(RECORDS FOR THIS EXERCISE)

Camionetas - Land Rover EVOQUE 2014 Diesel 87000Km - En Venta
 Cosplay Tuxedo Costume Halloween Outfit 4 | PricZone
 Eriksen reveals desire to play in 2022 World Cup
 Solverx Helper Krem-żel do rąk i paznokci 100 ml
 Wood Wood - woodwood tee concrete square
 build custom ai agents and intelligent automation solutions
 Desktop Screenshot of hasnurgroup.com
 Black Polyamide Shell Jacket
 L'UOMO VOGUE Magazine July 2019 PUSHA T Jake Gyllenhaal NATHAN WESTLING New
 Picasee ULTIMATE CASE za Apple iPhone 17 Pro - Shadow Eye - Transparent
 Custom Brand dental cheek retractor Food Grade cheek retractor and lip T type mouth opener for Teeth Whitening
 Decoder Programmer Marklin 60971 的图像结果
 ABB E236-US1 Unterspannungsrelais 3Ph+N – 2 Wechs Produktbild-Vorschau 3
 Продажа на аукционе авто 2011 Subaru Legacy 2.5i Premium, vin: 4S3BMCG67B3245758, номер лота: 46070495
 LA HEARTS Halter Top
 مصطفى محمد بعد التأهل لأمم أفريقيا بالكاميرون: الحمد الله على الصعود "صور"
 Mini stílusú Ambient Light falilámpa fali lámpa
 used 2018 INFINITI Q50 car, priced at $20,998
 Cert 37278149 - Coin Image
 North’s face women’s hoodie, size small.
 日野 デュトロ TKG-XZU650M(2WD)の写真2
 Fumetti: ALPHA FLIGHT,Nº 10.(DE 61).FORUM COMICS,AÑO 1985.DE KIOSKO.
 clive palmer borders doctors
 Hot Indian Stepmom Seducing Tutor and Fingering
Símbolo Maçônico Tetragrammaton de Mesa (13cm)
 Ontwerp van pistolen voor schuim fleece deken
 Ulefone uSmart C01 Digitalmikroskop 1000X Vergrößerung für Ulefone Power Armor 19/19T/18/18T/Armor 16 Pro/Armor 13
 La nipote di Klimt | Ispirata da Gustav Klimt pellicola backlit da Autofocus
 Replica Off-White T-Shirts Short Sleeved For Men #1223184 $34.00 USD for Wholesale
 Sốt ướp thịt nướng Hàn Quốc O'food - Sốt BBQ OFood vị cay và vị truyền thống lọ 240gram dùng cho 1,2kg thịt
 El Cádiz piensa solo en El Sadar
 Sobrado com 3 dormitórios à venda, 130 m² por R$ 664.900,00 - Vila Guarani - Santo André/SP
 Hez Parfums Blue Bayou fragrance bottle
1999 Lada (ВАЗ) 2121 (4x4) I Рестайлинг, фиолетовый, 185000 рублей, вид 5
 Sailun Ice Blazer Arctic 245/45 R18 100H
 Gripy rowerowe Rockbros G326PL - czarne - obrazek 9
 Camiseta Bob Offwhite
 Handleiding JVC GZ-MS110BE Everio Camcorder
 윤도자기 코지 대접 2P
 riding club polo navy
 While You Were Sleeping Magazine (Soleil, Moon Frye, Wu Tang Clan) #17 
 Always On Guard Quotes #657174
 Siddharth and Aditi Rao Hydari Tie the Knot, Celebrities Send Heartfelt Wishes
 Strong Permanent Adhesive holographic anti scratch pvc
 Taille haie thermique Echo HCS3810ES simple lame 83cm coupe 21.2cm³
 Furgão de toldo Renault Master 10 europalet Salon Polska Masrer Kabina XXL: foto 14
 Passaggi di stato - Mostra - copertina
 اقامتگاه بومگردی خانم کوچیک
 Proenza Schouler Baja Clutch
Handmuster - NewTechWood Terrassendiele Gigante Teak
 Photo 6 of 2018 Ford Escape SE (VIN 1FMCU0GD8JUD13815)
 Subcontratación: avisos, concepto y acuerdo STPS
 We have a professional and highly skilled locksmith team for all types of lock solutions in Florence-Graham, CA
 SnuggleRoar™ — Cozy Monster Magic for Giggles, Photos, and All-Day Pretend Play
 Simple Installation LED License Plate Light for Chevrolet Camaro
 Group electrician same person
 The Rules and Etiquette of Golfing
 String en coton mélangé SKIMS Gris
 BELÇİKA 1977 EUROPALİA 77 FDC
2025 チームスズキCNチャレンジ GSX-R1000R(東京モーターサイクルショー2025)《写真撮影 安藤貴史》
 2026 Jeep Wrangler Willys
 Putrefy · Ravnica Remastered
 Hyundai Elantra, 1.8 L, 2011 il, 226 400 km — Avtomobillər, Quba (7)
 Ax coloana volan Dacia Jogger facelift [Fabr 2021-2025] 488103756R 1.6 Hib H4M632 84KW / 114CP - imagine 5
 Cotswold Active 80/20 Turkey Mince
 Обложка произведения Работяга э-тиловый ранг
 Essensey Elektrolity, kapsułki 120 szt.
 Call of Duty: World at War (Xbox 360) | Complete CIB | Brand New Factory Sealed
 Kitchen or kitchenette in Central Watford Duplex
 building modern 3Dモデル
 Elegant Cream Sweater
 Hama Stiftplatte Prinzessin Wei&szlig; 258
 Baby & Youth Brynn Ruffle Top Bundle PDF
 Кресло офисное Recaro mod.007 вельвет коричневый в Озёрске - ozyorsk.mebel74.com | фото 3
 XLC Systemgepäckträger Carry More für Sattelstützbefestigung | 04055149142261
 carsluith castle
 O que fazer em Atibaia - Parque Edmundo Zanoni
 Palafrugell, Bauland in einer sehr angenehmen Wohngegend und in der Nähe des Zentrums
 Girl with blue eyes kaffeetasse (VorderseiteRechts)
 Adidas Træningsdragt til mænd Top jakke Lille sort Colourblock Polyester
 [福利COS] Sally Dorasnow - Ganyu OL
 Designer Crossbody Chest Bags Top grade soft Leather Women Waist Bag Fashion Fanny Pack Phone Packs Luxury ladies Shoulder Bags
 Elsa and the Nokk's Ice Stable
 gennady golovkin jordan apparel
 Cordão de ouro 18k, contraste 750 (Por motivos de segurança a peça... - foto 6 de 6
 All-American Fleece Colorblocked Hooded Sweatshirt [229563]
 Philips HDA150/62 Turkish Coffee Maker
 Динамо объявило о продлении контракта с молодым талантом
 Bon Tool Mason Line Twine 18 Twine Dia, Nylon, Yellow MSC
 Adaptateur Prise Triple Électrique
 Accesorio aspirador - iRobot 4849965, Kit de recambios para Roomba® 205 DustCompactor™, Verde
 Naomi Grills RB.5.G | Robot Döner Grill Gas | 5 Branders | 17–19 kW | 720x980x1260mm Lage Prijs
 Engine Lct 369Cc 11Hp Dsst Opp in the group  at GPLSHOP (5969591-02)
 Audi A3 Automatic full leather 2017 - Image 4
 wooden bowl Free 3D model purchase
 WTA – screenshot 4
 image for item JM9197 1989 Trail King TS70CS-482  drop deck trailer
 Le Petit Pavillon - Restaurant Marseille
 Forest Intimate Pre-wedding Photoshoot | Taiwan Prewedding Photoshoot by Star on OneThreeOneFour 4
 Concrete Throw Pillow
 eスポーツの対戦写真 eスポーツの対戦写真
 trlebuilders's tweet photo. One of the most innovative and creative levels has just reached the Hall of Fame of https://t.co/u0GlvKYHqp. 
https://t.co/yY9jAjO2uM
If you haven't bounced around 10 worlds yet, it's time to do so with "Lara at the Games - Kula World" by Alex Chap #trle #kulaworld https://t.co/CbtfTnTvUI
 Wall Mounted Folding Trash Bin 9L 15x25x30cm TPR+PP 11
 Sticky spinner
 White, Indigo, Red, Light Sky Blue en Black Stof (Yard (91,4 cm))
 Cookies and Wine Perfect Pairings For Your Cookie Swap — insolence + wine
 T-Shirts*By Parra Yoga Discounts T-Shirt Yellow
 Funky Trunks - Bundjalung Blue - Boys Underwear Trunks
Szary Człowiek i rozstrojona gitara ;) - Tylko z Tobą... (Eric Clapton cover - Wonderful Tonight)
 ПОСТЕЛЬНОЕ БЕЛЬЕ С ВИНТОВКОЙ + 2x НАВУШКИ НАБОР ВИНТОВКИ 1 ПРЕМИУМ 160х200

(End RECORDS FOR THIS EXERCISE)

* WORK REQUEST *
Every line that holds the word "World" should be copied from the records.

* YOUR SOLUTION *
 Eriksen reveals desire to play in 2022 World Cup
 Call of Duty: World at War (Xbox 360) | Complete CIB | Brand New Factory Sealed
If you haven't bounced around 10 worlds yet, it's time to do so with "Lara at the Games - Kula World" by Alex Chap #trle #kulaworld https://t.co/CbtfTnTvUI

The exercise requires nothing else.